Before the nascent industry makes significant inroads on traditional broadcast media markets, battles loom on standards, bandwidth, the development of viable business models, and the resolution of intellectual property issues.
Streaming media to serve TV--and then swallow it
Streaming industry insiders differ on what exactly this convergence promised land will look like once it is found, and how long it will take to track it down. But most agree that it will have a profound effect on both merging industries.
"There will be a slow convergence of digital television and the Internet, but it will be a decade or more before...that happens," Zona Research research associate Greg Tapper told Streaming '98 participants in a panel discussion. "But when it does happen, TV as we know it will be gone."
So far, despite studies showing the Internet as a whole siphoning off traditional media consumers, broadcast industries have treated streaming media as tools to be exploited rather than as threats. An overwhelming consensus among old and new media professionals alike is that the only significant point of convergence between television and the Internet for the present and the near future is the use of streaming to augment traditional on-air programming.
This current auxiliary role of streaming media illustrates one of its primary benefits: Whereas television and radio are rigidly time-constrained, Internet multimedia content is held back only by the limitations of server and bandwidth resources.

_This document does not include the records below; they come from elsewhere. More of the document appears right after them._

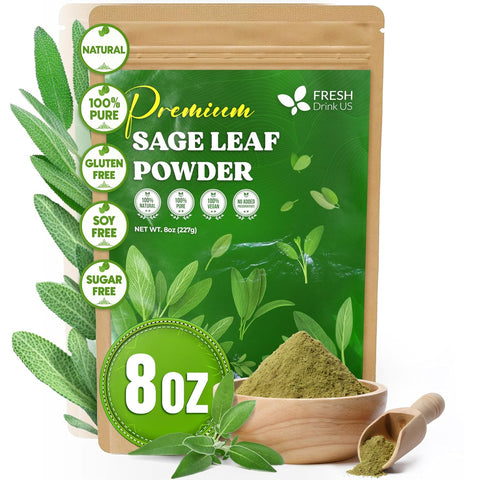 FreshDrinkUS, Premium 8oz Mulberry Leaf Powder, 100% Natural and Pure from Mulberry Leaves, Perfect for Tea, Smoothies, Baked Goods, Natural Food Coloring, No Additives, No Gluten, No Sugar, Vegan
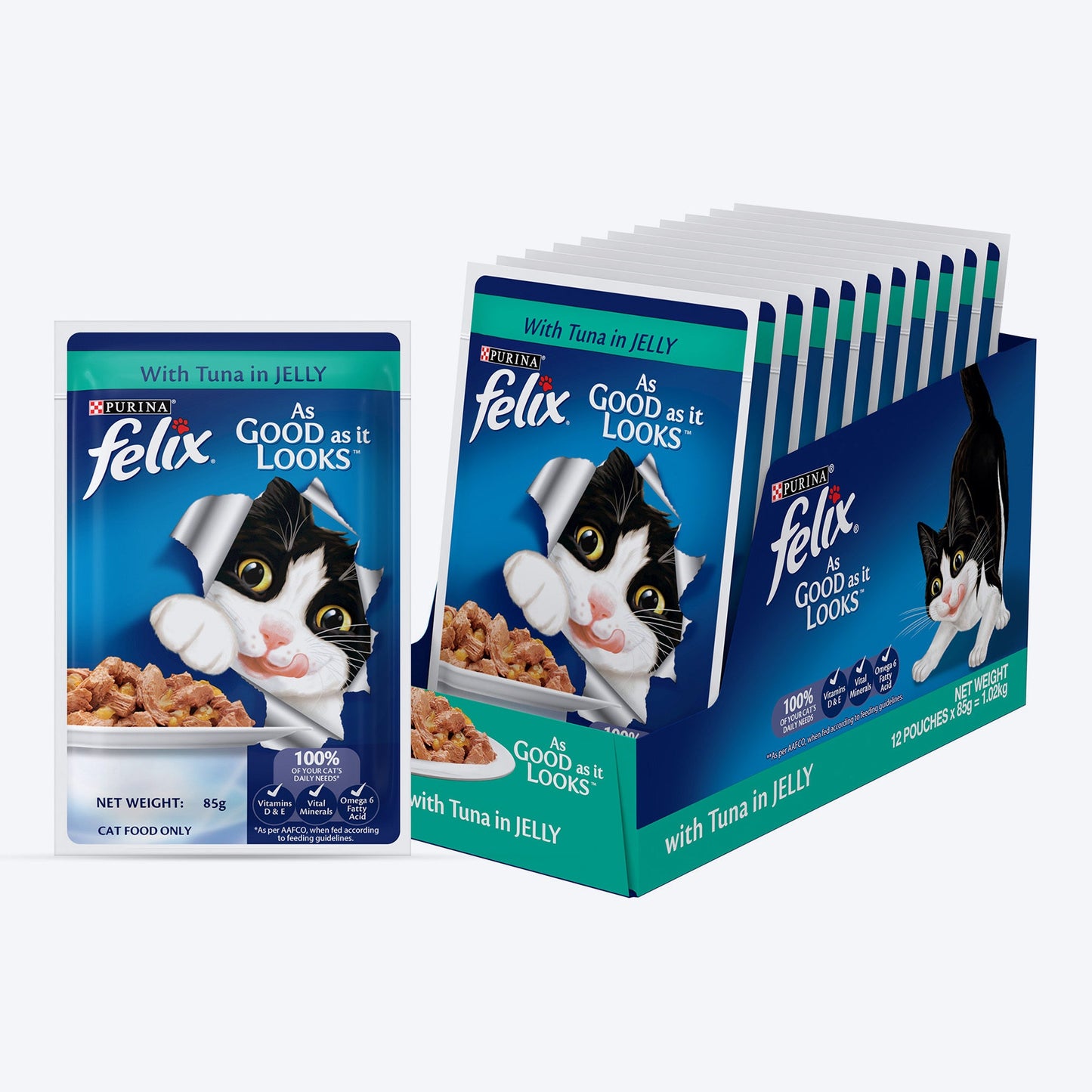Purina Felix With Tuna In Jelly Adult Cat Wet Food - 85 g - Heads Up For Tails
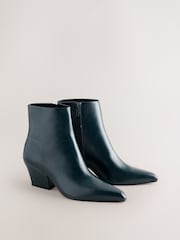 Teal Blue Standard fit Forever Comfort® Pointed Toe Ankle Boots - Image 1 of 6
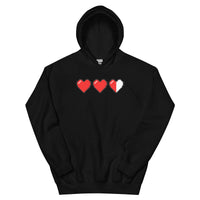 3 Heart Meter design on unisex hoodie, front view
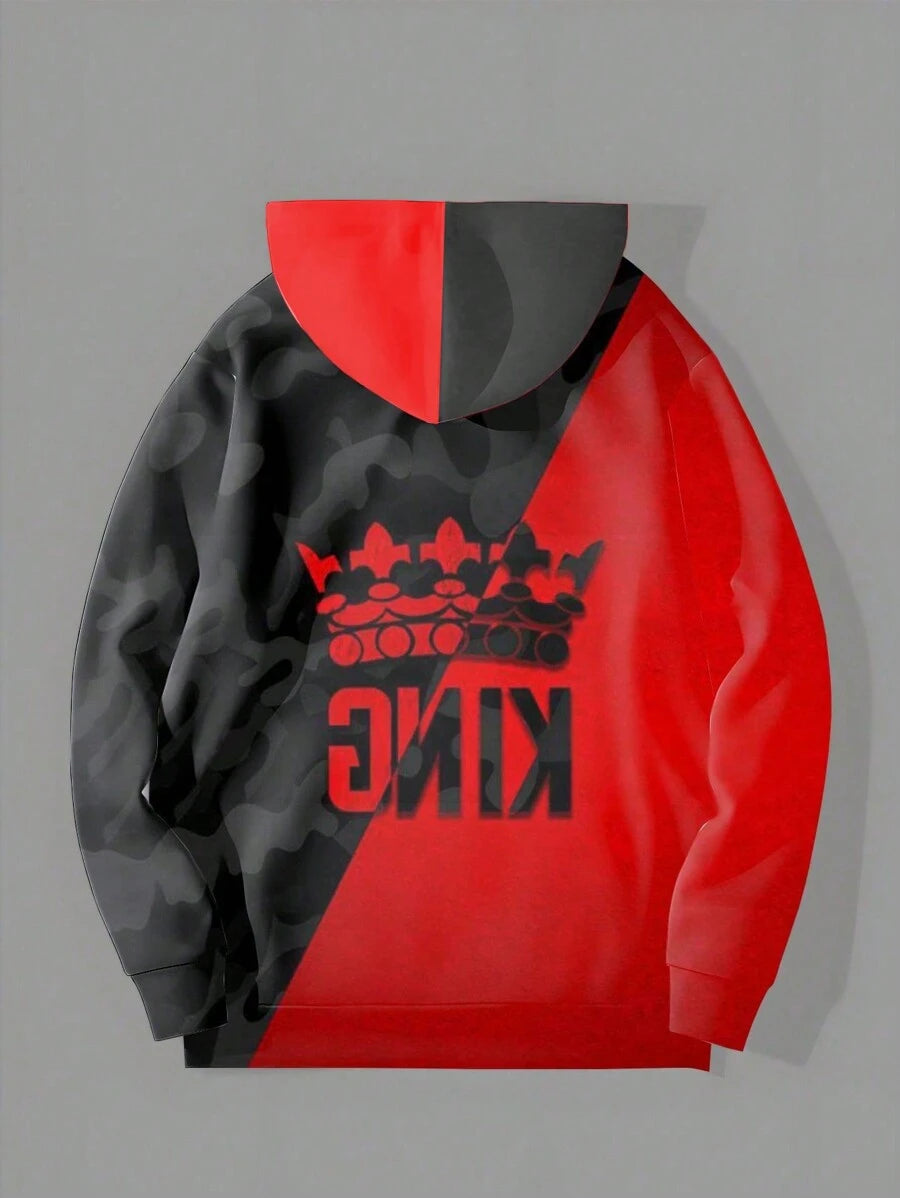 Heren Colorblock 3D digitale print "King" letterpatroon plus size hoodie met capuchon en broekset, heren top met lange mouwen en trainingsbroek sportkledingset, herfstkleding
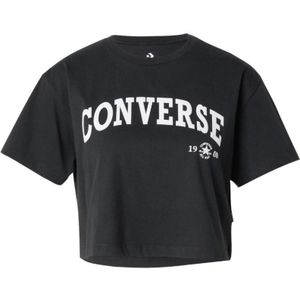 Converse, Tops, Dames, Zwart, XS, Katoen, Logo Print Crop T-shirt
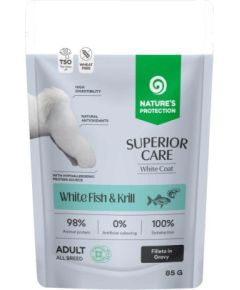 Nature's Protection SUPERIOR CARE White Grain Free Adult White Fish&Krill 85g Suņu barība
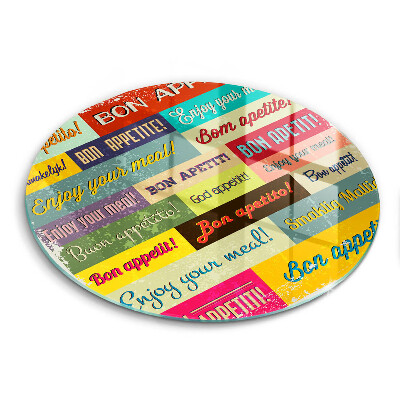 Steklena podloga za rezanje Podnapisi Bon appetit jeziki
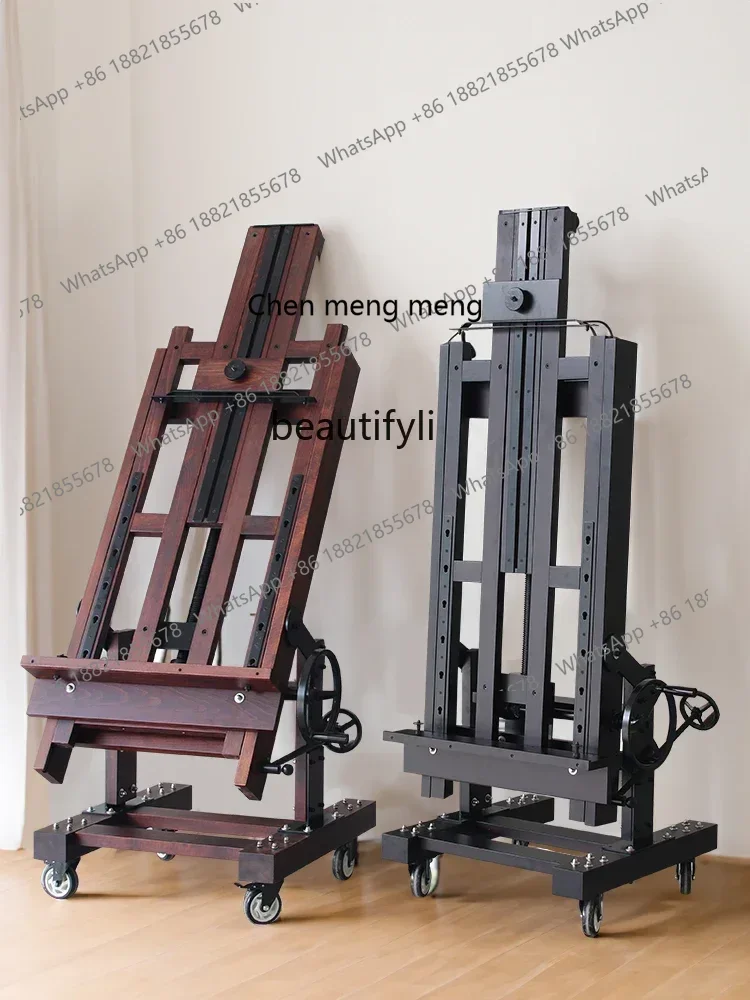 ss7486 SS new style Oil Easel Stand Dual-Purpose Hand-Cranked Solid Wood Giant Easel
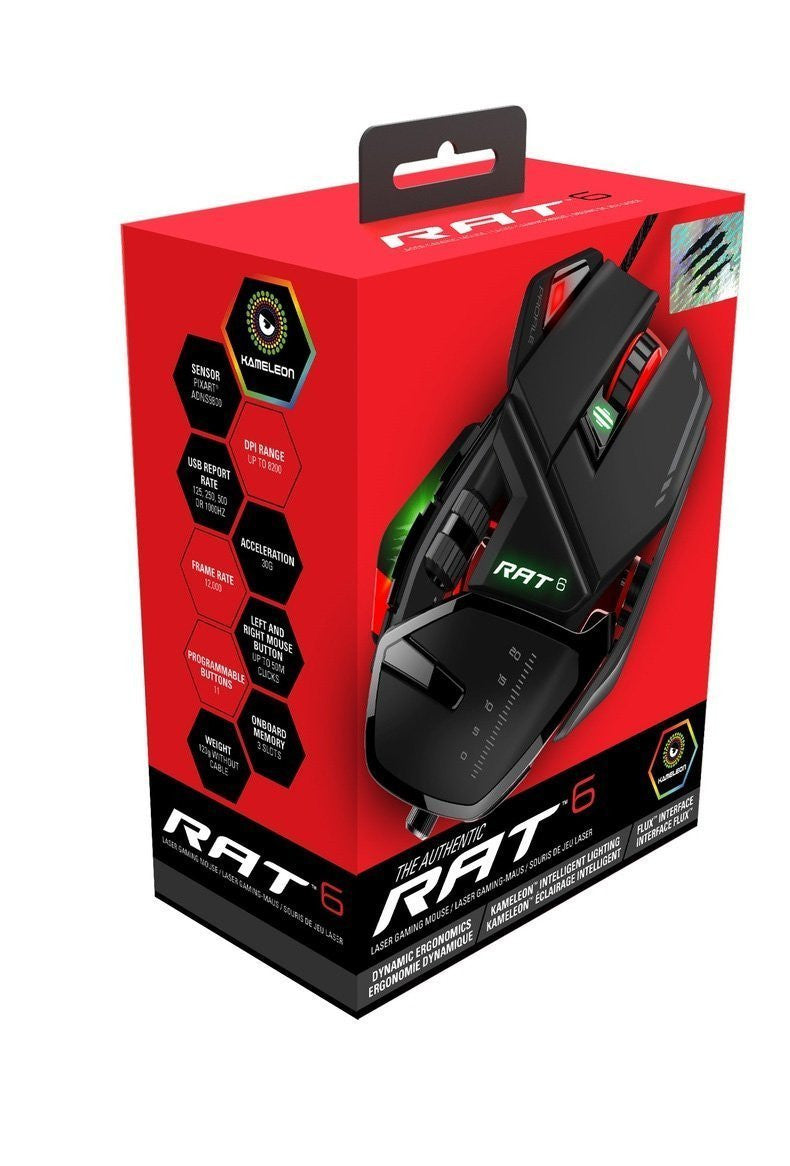 Mad Catz RAT6 Wired Laser Gaming Mouse - Black - Mice by Mad Catz The Chelsea Gamer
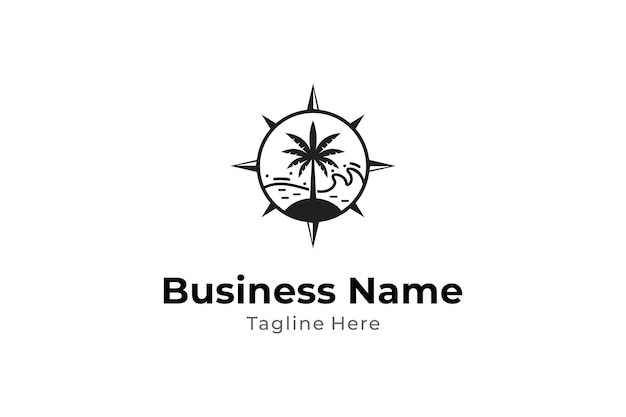 Логотип дизайна компаса с пальмой и океанскими волнами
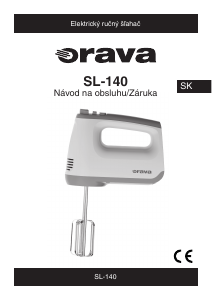 Návod Orava SL-140 Ručný šľahač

That gives broadcasters the opportunity to post complete materials, such as President Clinton's videotaped grand jury testimony or independent counsel Kenneth Starr's report on the White House sex scandal. The complete materials serve to augment the limited coverage provided in an evening news broadcast.
In addition to depth and background, streaming media offer users choice in when to watch it.
"The single most important thing the Internet has going for it is being on-demand," said ZDTV president and chief executive Larry Wangberg during a Streaming '98 panel discussion. "I don't have to wait for some programmer in Hollywood to tell me when to watch something. This gives users control the way the automobile did...suddenly the driver is in control."
For some broadcast television businesses, streaming media have been recent additions to existing programming. CNN Interactive, for instance, averages 100,000 multimedia streaming requests per day, and topped 1 million hits per day for its posting of the Clinton testimony and the launch of the space shuttle with Sen. John Glenn.
For recently launched television operations such as ZDTV, streaming over the Internet was a key part of the original programming plan.
"The company realized there was a real business opportunity with the coming convergence," ZDTV's Wangberg said. "There was a real need for video to go along with Web content."
Companies using streaming within the consumer marketplace are largely those that produce video- or audio-based content in the first place. According to Forrester Research, TV-oriented companies lead the pack, followed by music sales, radio, sports, and film firms.
The streaming market opens up niches for small Net firms that want to get in on the TV act. One such company is UltimateTV, which uses streaming media to provide online sneak previews to television shows.
Indeed, much of the promise for streaming video in the near future is in promotion. Full sound and color can create compelling ads and higher click-through rates for advertisers across the product spectrum. Streaming media producer Veon reports click-through rates of as high as 20 percent for multimedia banners--a stratospheric leap over traditional banner click-throughs.